About the job
About Our Team
The Codex Core Agent team is responsible for developing the foundational kernel of Codex. We focus on enhancing the agent's capabilities, expediting research, and ensuring these advancements translate into practical applications for our users.
This entails collaboration across the various systems that allow Codex to function effectively in real-world scenarios, including optimizing production performance, managing token usage, minimizing latency, ensuring reliability, controlling costs, and scaling capacity. We also work on the core execution loop and interfaces that transform models into practical actions, alongside building infrastructure that supports other teams in leveraging Codex. Importantly, our feedback systems utilize real-world usage to refine models and enhance agent performance over time.
About the Role
We are seeking talented applied AI engineers to help transition Codex agents from impressive demonstrations to reliable, everyday tools. This position involves enhancing agent performance on actual software engineering tasks and bridging the gap between research capabilities and tangible real-world utility.

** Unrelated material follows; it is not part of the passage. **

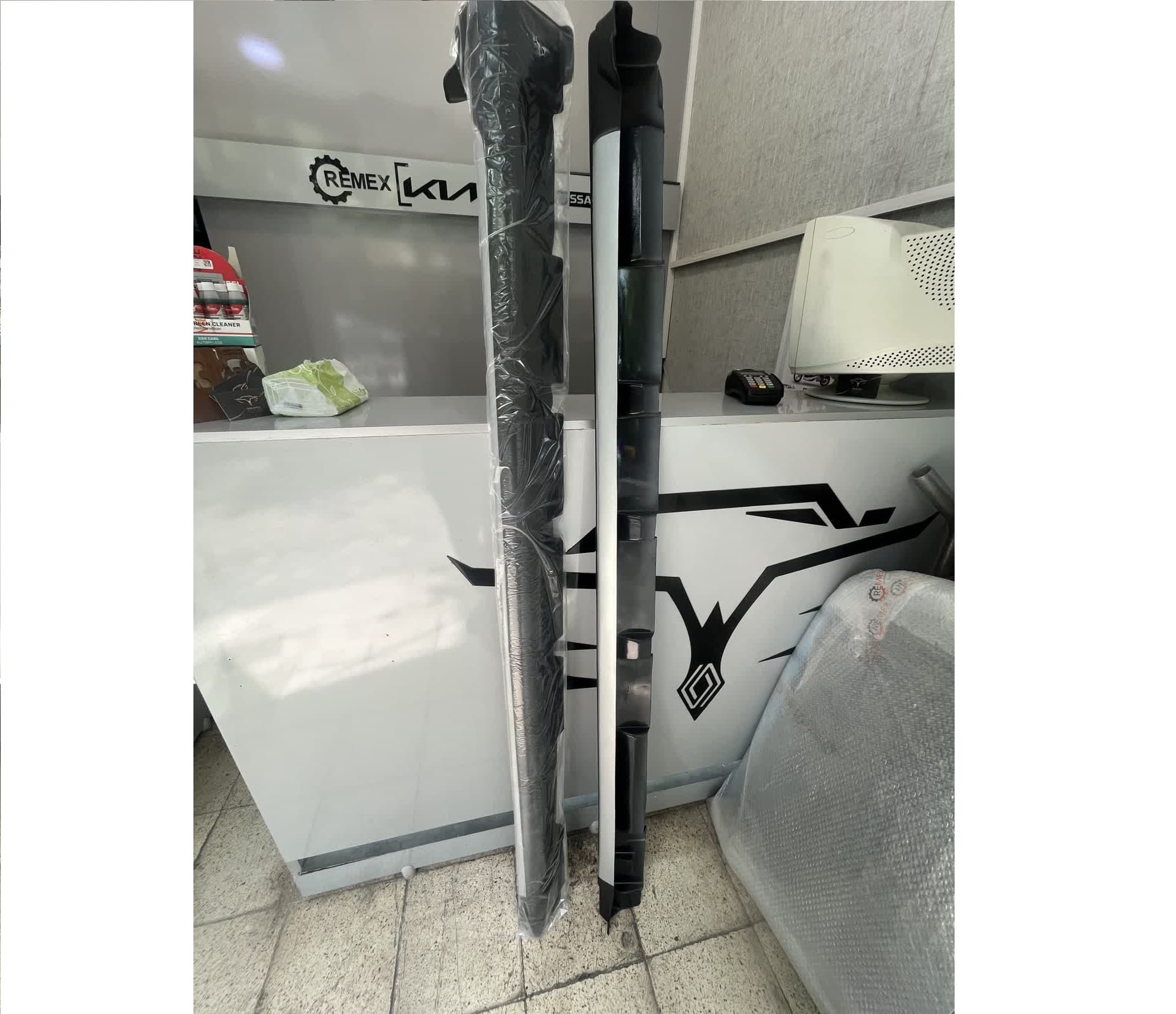 فلاپ روی رکاب سمت راست استپ وی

You will collaborate closely with research teams, infrastructure, and product development to ensure that agents are not only powerful but also practical, controllable, and dependable. Your mission is to not only enhance model performance in isolation but also to translate those improvements into measurable increases in solution rates, usability, and economic value for our users.
Your Responsibilities
Design and refine agent behaviors across real-world coding tasks and extended workflows.

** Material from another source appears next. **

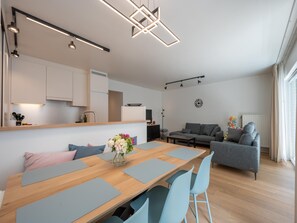 Apartment | Dining - Apt by Duinbergen Beach (Knokke-Heist)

Collaborate with research to create and execute evaluations that measure agent performance, identify regressions, and understand failure modes and edge cases.

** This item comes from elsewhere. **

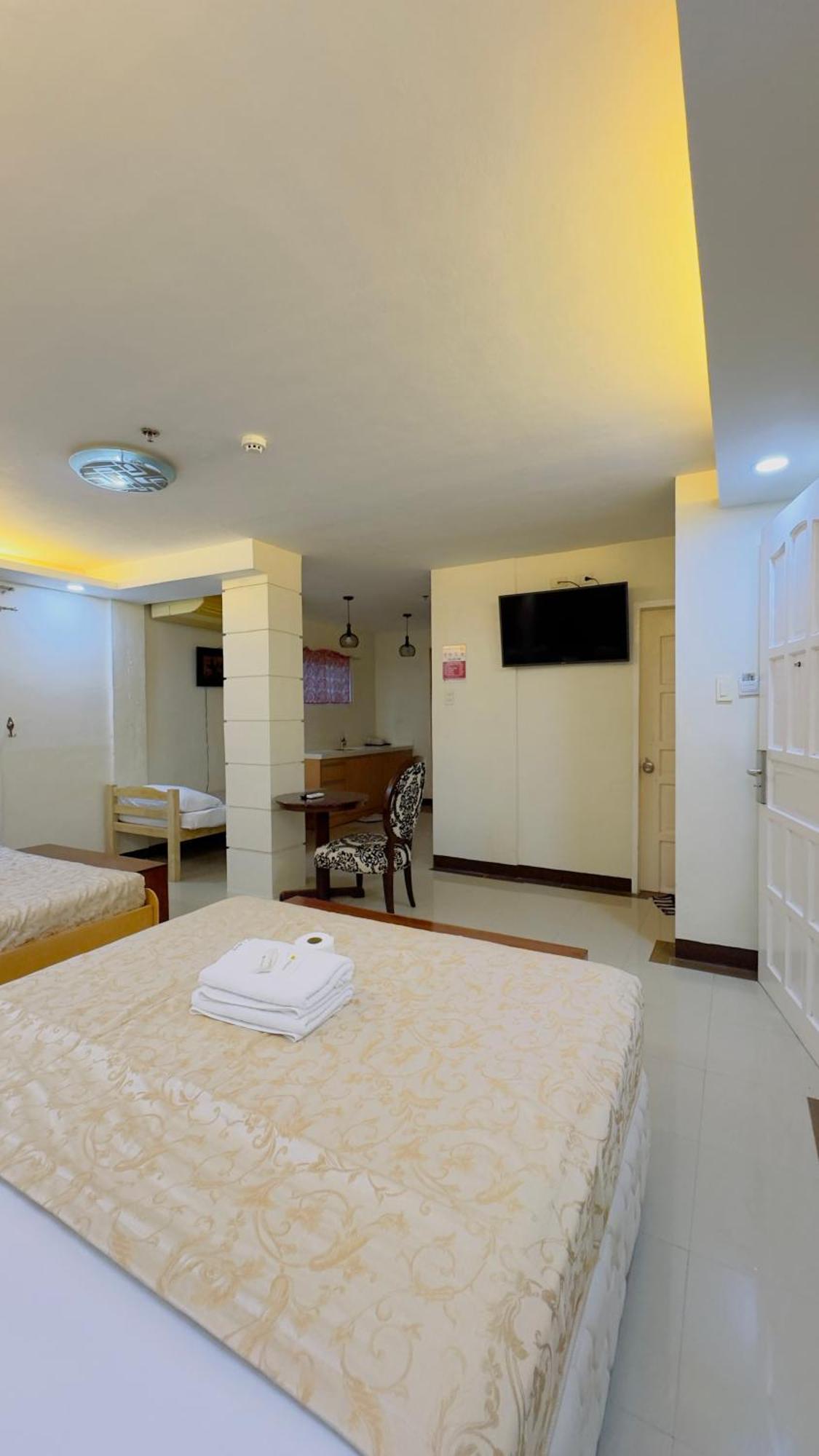 La Anclar Hotel Davao Stadt Exterior foto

Enhance performance through effective prompting, strategic tool usage, context construction, and model-facing experimentation.
Investigate production failures and systematically enhance stability and reliability.
Develop feedback loops and data systems that integrate real-task data into our evaluation and research processes.
Collaborate with product teams to shape user-facing agent experiences and the essential interfaces that support agent functions.
Help define the criteria for what constitutes successful completion of complex tasks by agents.
Ideal Candidate Profile
Experience in building or deploying machine learning or LLM-powered products.
Proficiency in Python and familiarity with modern machine learning tools.
Background in model evaluation, fine-tuning, or related areas.